Papeles, piezas de ajedrez y el contenido del cenicero se dispersaron y revolotearon. Un vaso se quebró cuando lo aplastó con el pie. El teléfono volcado empezó a hacer «bip» como un ratón furioso y pedante, en alguna calle cercana una sirena aulló como si estuvieran torturando a un perro, hubo un gran ruido como en su sueño (los papeles revoloteaban en fragmentos cerca de la puerta) y por encima de todo sonaban gritos roncos y entrecortados, producidos por el propio Franz.
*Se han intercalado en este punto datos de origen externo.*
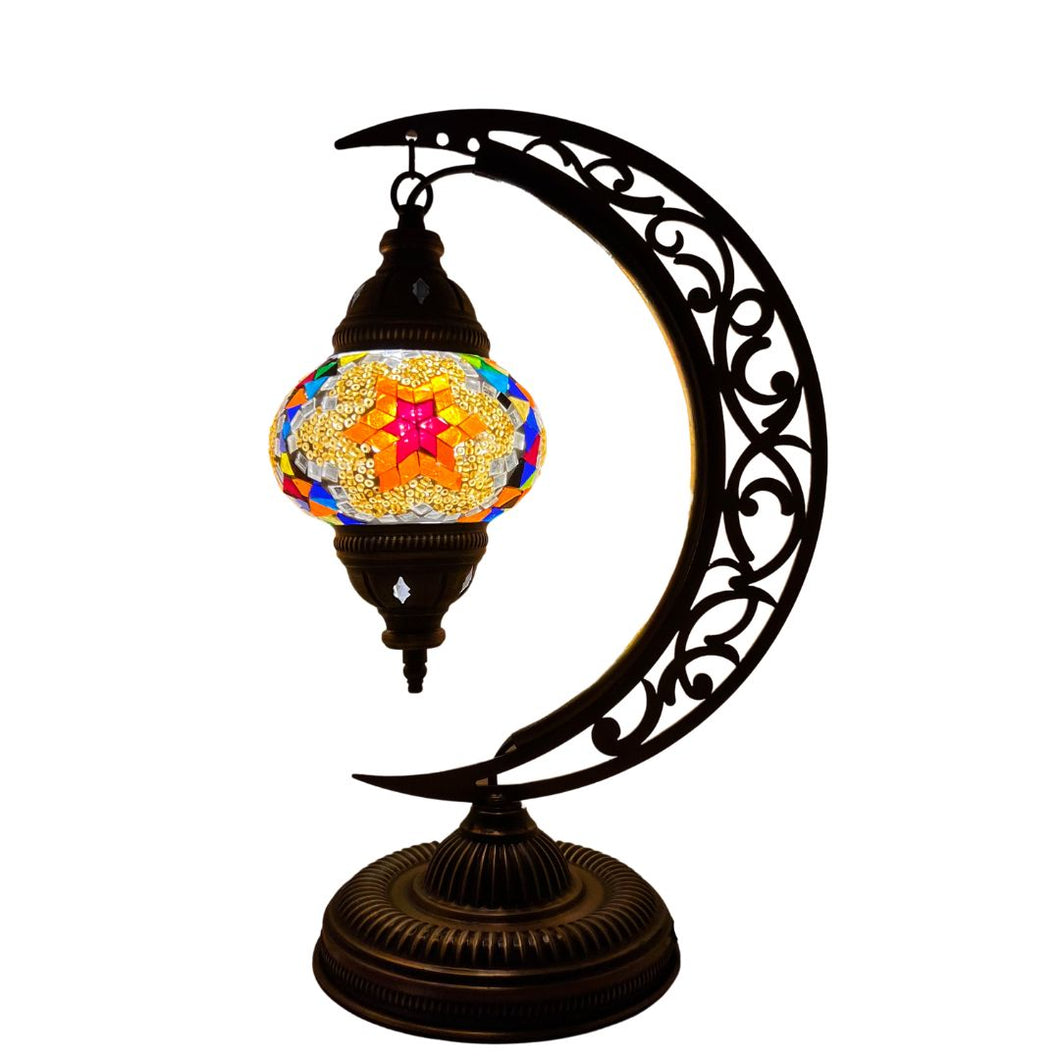 Thalia Boho Handcrafted Moon Medium Mosaic Lamp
Su Amante del Erudito se acercó retorciéndose y estirando los brazos hacia la luz de la luna. Tenía todavía la cara en sombras pero él pudo ver que su
cuerpo fino y de anchos hombros estaba aparentemente formado sólo de trozos de papel apretujado
, motas marrón claro y amarillentas por la edad, como compuesto por las páginas masticadas de todas las revistas y libros que la habían formado sobre la cama, mientras que alrededor de su espalda y de su cara en sombras caía una cascada de pelo negro (¿las cubiertas negras arrancadas a los libros?). Sus delgados miembros parecían estar hechos de papel marrón retorcido y trenzado. Ella se lanzó con terrible rapidez hacia él y lo rodeó con sus brazos, apresándolo. Sus largas piernas se entremezclaron con las suyas. A pesar de todos sus esfuerzos y convulsiones, completamente aturdido por sus gritos, Franz jadeó y gimió.